• **Entries shown**
################

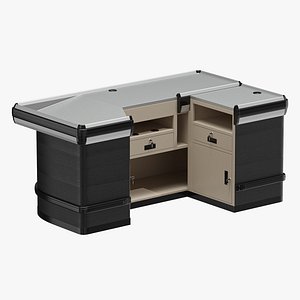 Retail Cashier Counter Wooden Dark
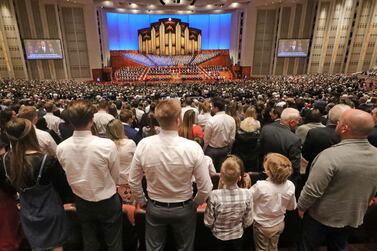 Thousands gather for the twice-yearly conference of The Church of Jesus Christ of Latter-day Saints in Salt Lake City, Utah, in 2019. The church will open its first temple in the Middle East in Dubai. Rick Bowmer / AP 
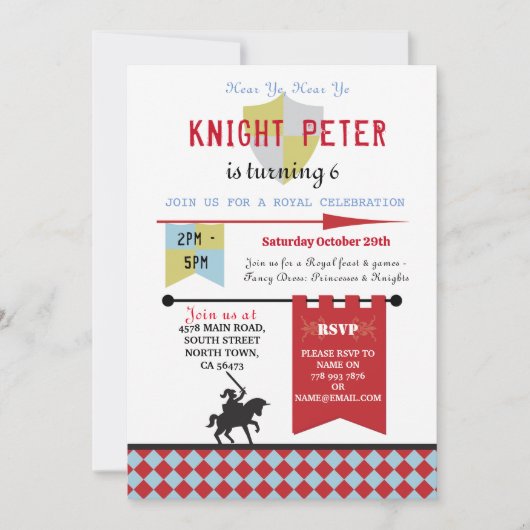 騎士プリンセス中世バースデーパーティー招待状 招待状 (正面)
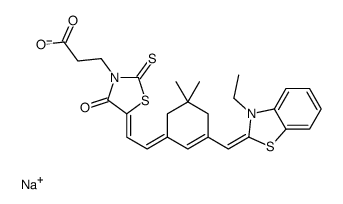 sodium,3-[(5E)-5-[(2E)-2-[3-[(Z)-(3-ethyl-1,3-benzothiazol-2-ylidene)methyl]-5,5-dimethylcyclohex-2-en-1-ylidene]ethylidene]-4-oxo-2-sulfanylidene-1,3-thiazolidin-3-yl]propanoate结构式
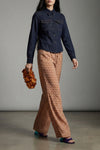 ruffle laminated leather clutch bag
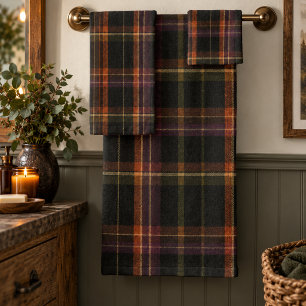 Dark Cottagecore Black Rust Autumn Plaid Bath Towel Set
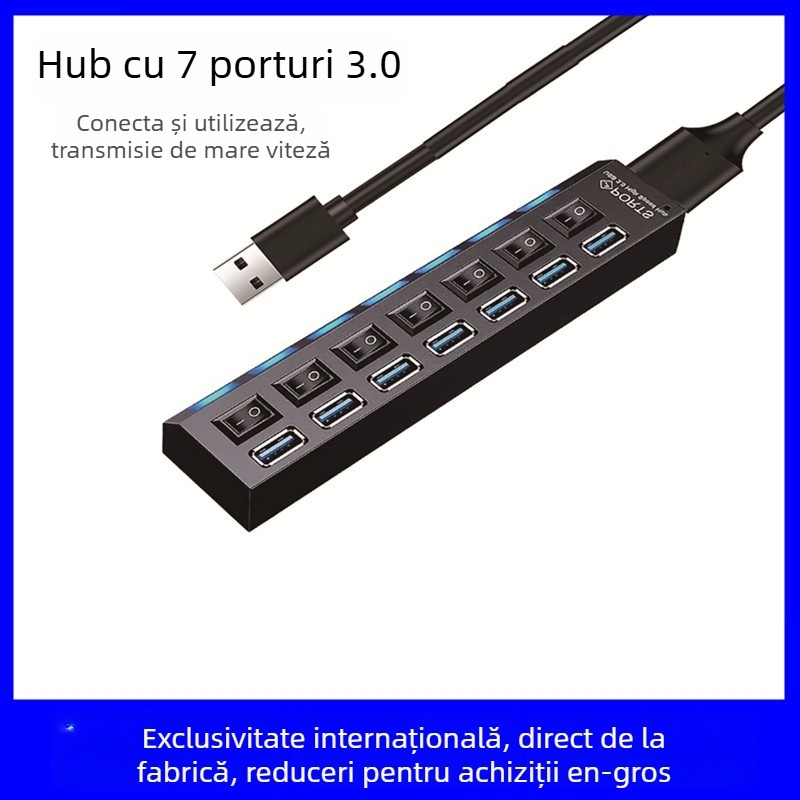 Hub USB 3.0 cu 7 porturi, alimentare externă (5 Gbps, interfață USB 3.0, cablu de 1,2 m)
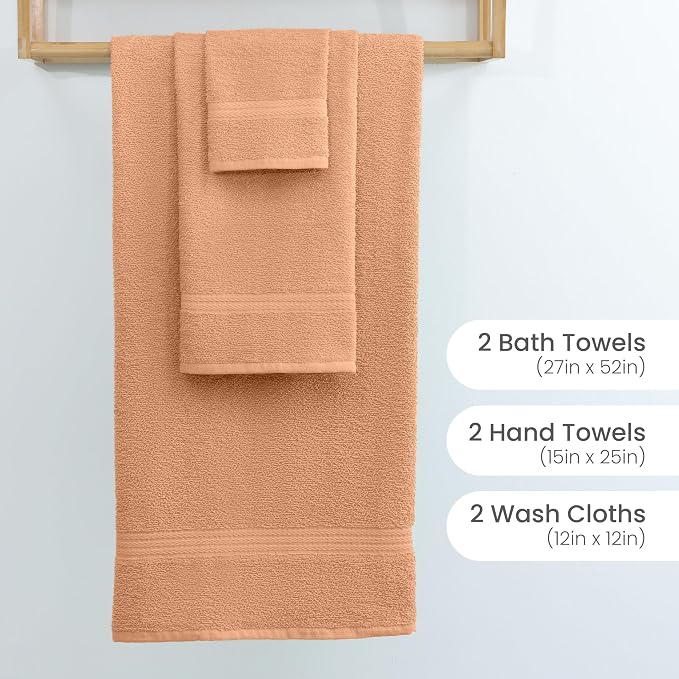 Martex Easy Living Everyday 6-Piece Bathroom Towel Set, Peach | 2 Bath Towels, 2 Hand Towels, 2 Wash Cloths, 100% Cotton, Soft, Quick-Dry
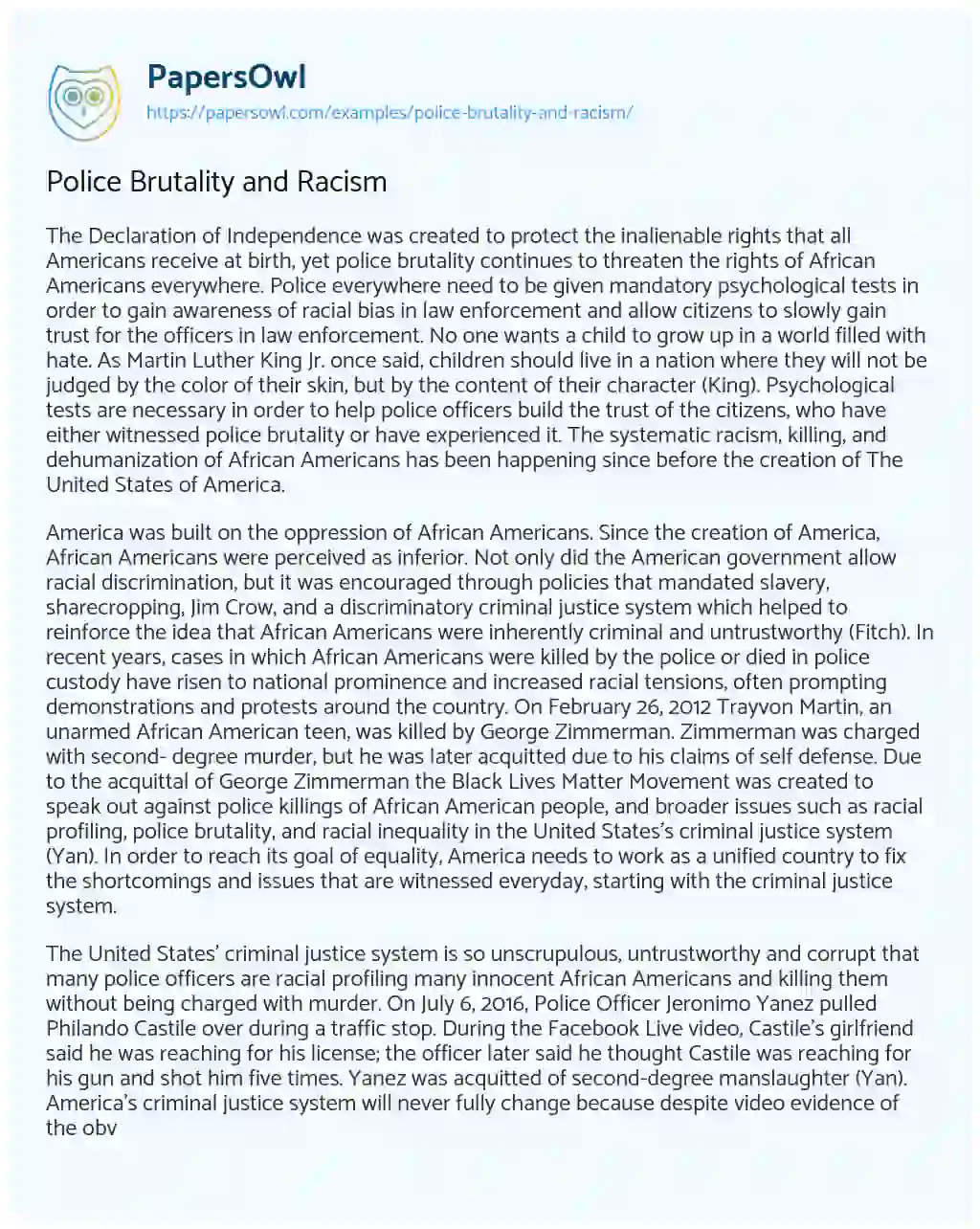 Police Brutality and Racism essay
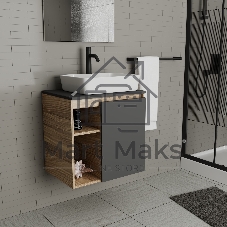 Тумба Bau Dream Blackwood 60 правая, графит, раковина BAU Cerama 48х37 белая, смеситель Hotel Dream Black, нерж. сталь, черный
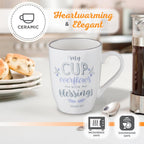 Christian Art Gifts Microwave & Dishwasher Safe Inspirational Scripture Mug for Women: Cup Overflows with Blessings Encouraging Bible Verse Psalm Novelty Drinkware, White & Leafy Purple Floral, 12 oz.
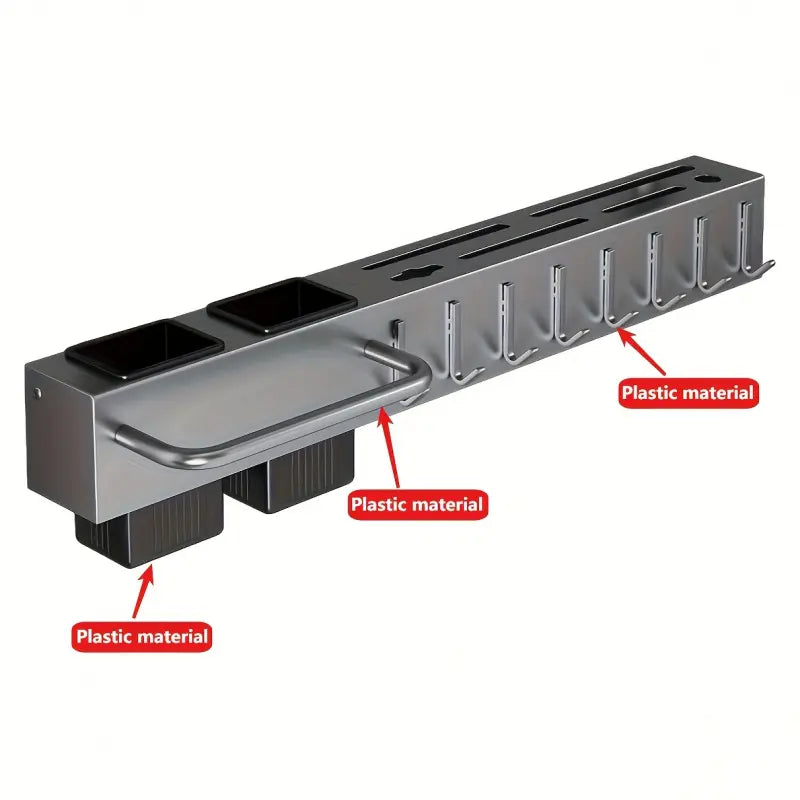 Multi-Functional Wall-Mounted Kitchen Storage Rack, Kitchenware - Heavy-Duty Carbon Steel Knife Holder, Japanese Knife Storage Rack, No-Drill Installation, Suitable for Storing Knives, Cutlery, and Cutting Boards in Homes and Restaurants, Space-Saving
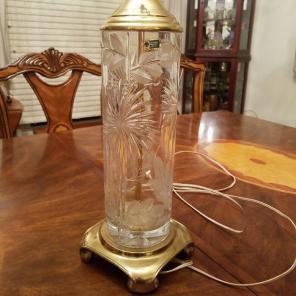 Vintage Lausitzer Glas Lead Crystal lamp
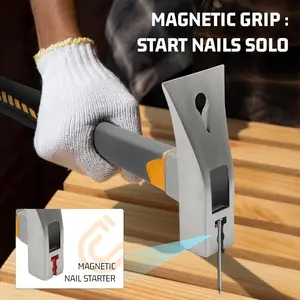 High Carbon Steel Carpenter Nail Hammer Tool with Plastic Handle, Woodworking Hammer Head Axe, Can Tap, Pull Nails, Plane, Chop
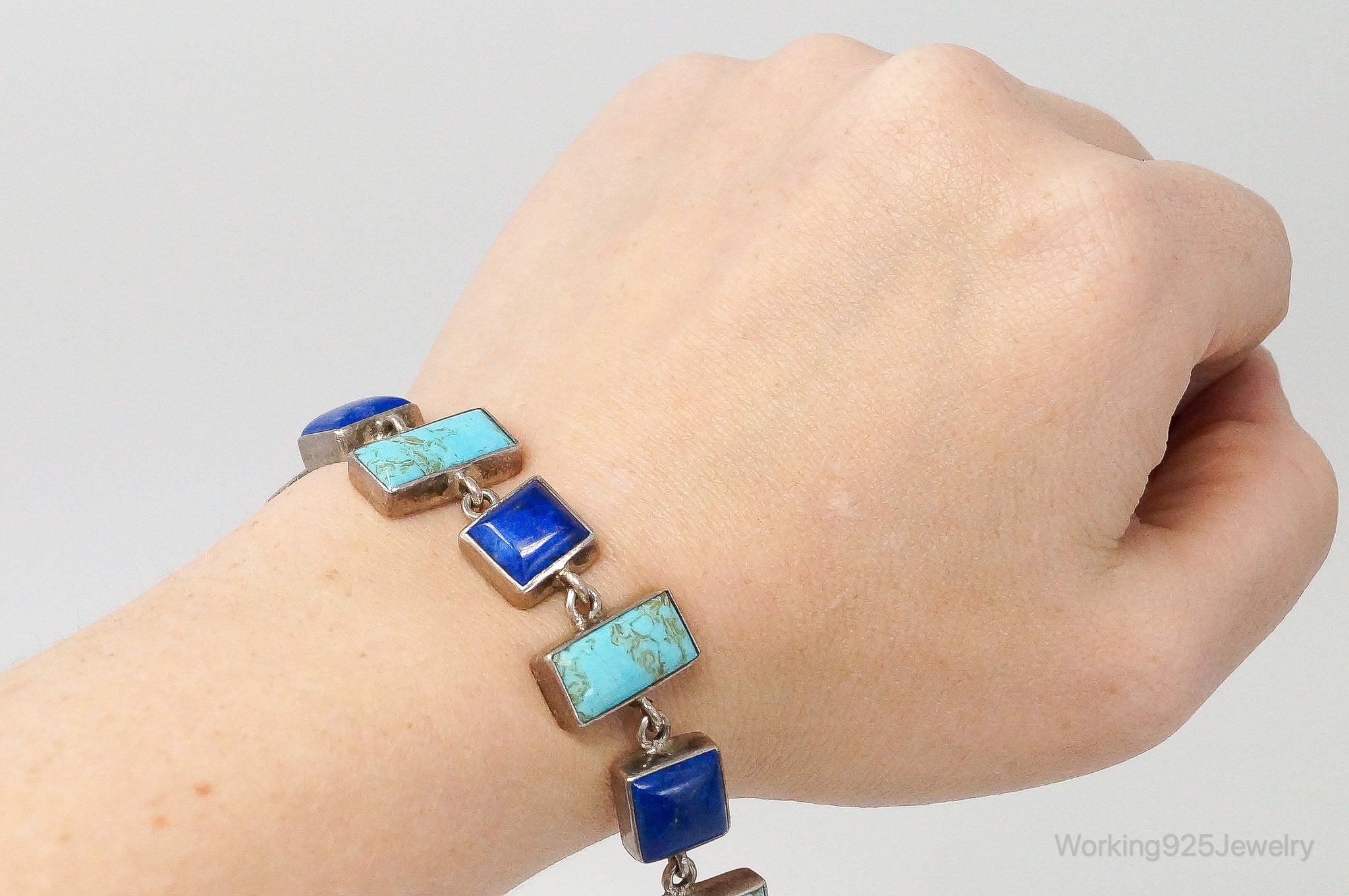 Vintage Sheri Liebert Turquoise Lapis Lazuli Sterling Silver Bracelet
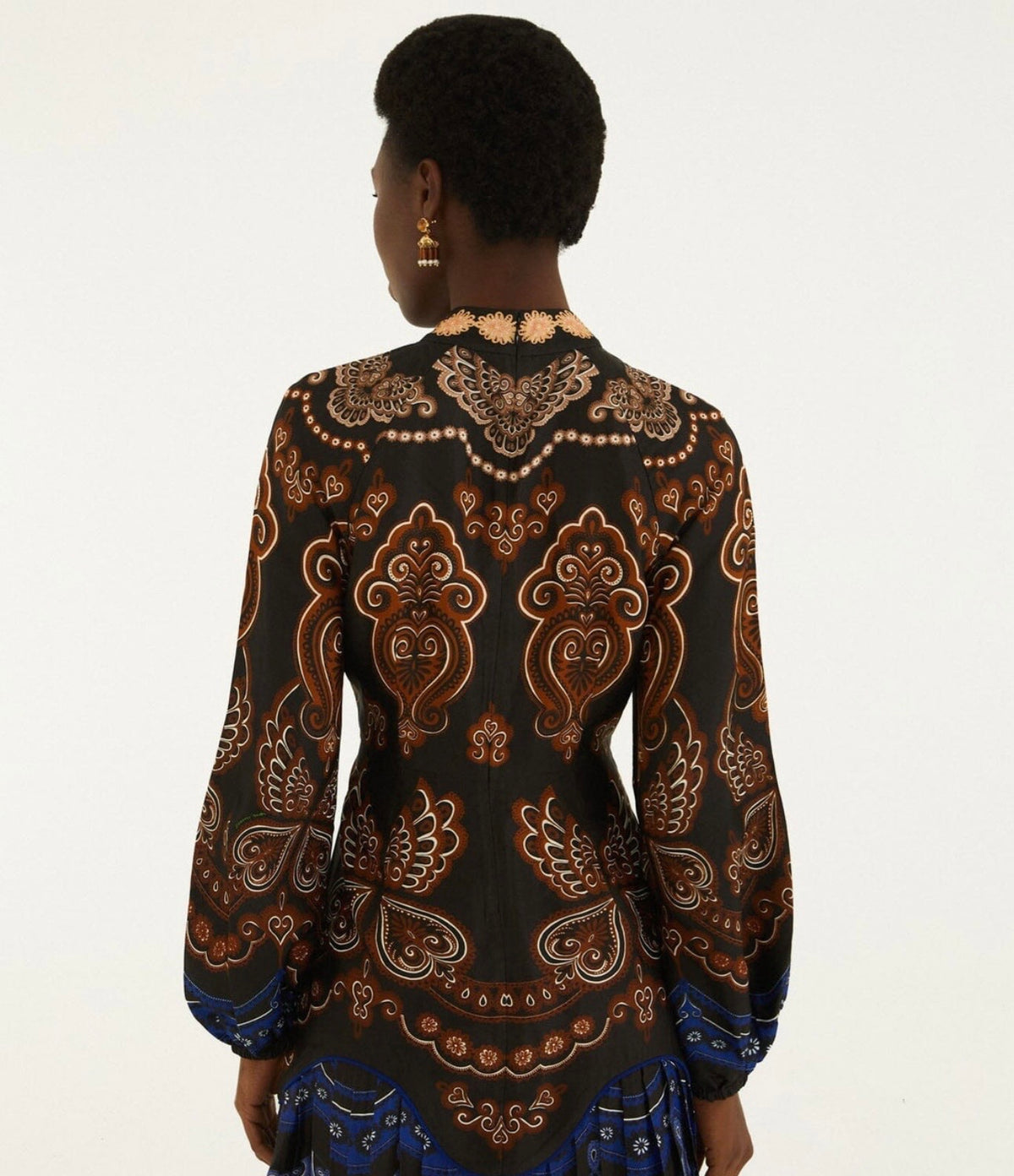 Women's black balloon sleeve mini dress with baroque print, back view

################

• **What you should do**
Reproduce the listing above only between the lines holding "Police Brutality and Racism essay" and "Тумба Bau Dream", inclusive. Every line must match exactly, and pictures are dropped.

• **Exercise response**
 Police Brutality and Racism essay
 Тумба Bau Dream Blackwood 60 правая, графит, раковина BAU Cerama 48х37 белая, смеситель Hotel Dream Black, нерж. сталь, черный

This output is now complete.